Grey's Anatomy

Season 9 Episode 22

Do You Believe in Magic

Do You Believe in Magic is curated around encephalocele and facial cleft, severe abdominal wound and pelvic fracture, moyamoya disease and transient ischemic attacks.

Air date: May 2, 2013

diagnostic realism

3.9/5

overall

3.9/5

procedure realism

3.9/5

workflow realism

3.9/5

Medical Cases in This Episode

These are the patient stories worth unpacking. Open any case for the real-world medicine, what the episode shows, what it leaves out, and source-backed context.

3 cases identified

Case 1

Tyler Sims: Encephalocele and Facial cleft

Medical topic: Encephalocele and Facial cleft. This case connects the episode's patient presentation to diagnostic reasoning, treatment choice, consent, escalation, and follow-up risk.

Episode shows
Tyler Sims is documented in the episode medical notes with diagnosis: Encephalocele, Facial cleft. Treatment listed for the case includes Resection, Bone graft, Cranial reconstruction, Cleft lip repair.
Clinical takeaway
Medical topic: Encephalocele and Facial cleft. This case connects the episode's patient presentation to diagnostic reasoning, treatment choice, consent, escalation, and follow-up risk.
Accuracy 3.9/5tyler-sims-encephalocele-and-facial-cleft-1

Case 2

Kayla Wayne: Severe abdominal wound and Pelvic fracture

Medical topic: Severe abdominal wound and Pelvic fracture. This case connects the episode's patient presentation to diagnostic reasoning, treatment choice, consent, escalation, and follow-up risk.

Episode shows
Kayla Wayne is documented in the episode medical notes with diagnosis: Severe abdominal wound, Pelvic fracture. Treatment listed for the case includes Surgery.
Clinical takeaway
Medical topic: Severe abdominal wound and Pelvic fracture. This case connects the episode's patient presentation to diagnostic reasoning, treatment choice, consent, escalation, and follow-up risk.
Accuracy 3.9/5kayla-wayne-severe-abdominal-wound-and-pelvic-fracture-2

Case 3

Iris Kane: Moyamoya disease and Transient ischemic attacks

Medical topic: Moyamoya disease and Transient ischemic attacks. This case connects the episode's patient presentation to diagnostic reasoning, treatment choice, consent, escalation, and follow-up risk.

Episode shows
Iris Kane is documented in the episode medical notes with diagnosis: Moyamoya disease, Transient ischemic attacks. Treatment listed for the case includes Omental flap.
Clinical takeaway
Medical topic: Moyamoya disease and Transient ischemic attacks. This case connects the episode's patient presentation to diagnostic reasoning, treatment choice, consent, escalation, and follow-up risk.
Accuracy 3.9/5iris-kane-moyamoya-disease-and-transient-ischemic-attacks-3

Episode Summary

Do You Believe in Magic uses Tyler Sims: Encephalocele and Facial cleft; Kayla Wayne: Severe abdominal wound and Pelvic fracture; Iris Kane: Moyamoya disease and Transient ischemic attacks as the episode's main medical teaching threads. Each case is kept separate so the page can discuss diagnosis, procedure, patient safety, and communication without merging unrelated patients.

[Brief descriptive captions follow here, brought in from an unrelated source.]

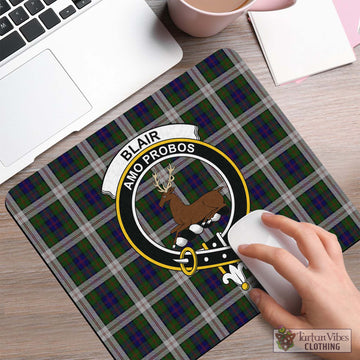 Blair Dress Tartan Mouse Pad with Family Crest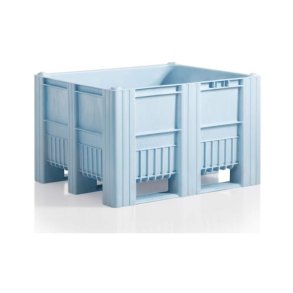 Craemer CB1 pallekar 470 L - 1200x800x740mm - Lys Bl - 3 meder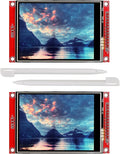 2pcs 3.2 SPI TFT LCD Display Touch Panel ILI9341 240x320 TFT LCD Touch Screen Shield 5V/3.3V STM32 Display Module SPI Serial with Touch Pen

Differential Diagnosis and Testing Logic

The episode requires case-specific reasoning rather than one broad theme. Tyler Sims: Encephalocele and Facial cleft requires clinicians to confirm encephalocele and facial cleft with episode-supported findings and appropriate real-world tests. Kayla Wayne: Severe abdominal wound and Pelvic fracture requires clinicians to confirm severe abdominal wound and pelvic fracture with episode-supported findings and appropriate real-world tests. Iris Kane: Moyamoya disease and Transient ischemic attacks requires clinicians to confirm moyamoya disease and transient ischemic attacks with episode-supported findings and appropriate real-world tests.

Medical Accuracy Review

The episode is strongest when it connects a visible medical event to a concrete patient outcome. The main compression is workflow: real care would usually involve more imaging review, lab confirmation, consent documentation, specialist coordination, and follow-up than the episode can show.

Sources and Further Reading

Episode evidence: iDRief catalog page, Grey's Anatomy Universe Wiki episode notes, and episode transcript. Medical context: MedlinePlus - Medical Encyclopedia; MedlinePlus - Wounds and Injuries; MedlinePlus - Mental Health.

Educational Disclaimer

This page is for general education and TV medical analysis only. It is not medical advice, diagnosis, or treatment guidance. iDRief is independent and is not affiliated with any network, studio, streaming service, hospital, medical school, or rights holder.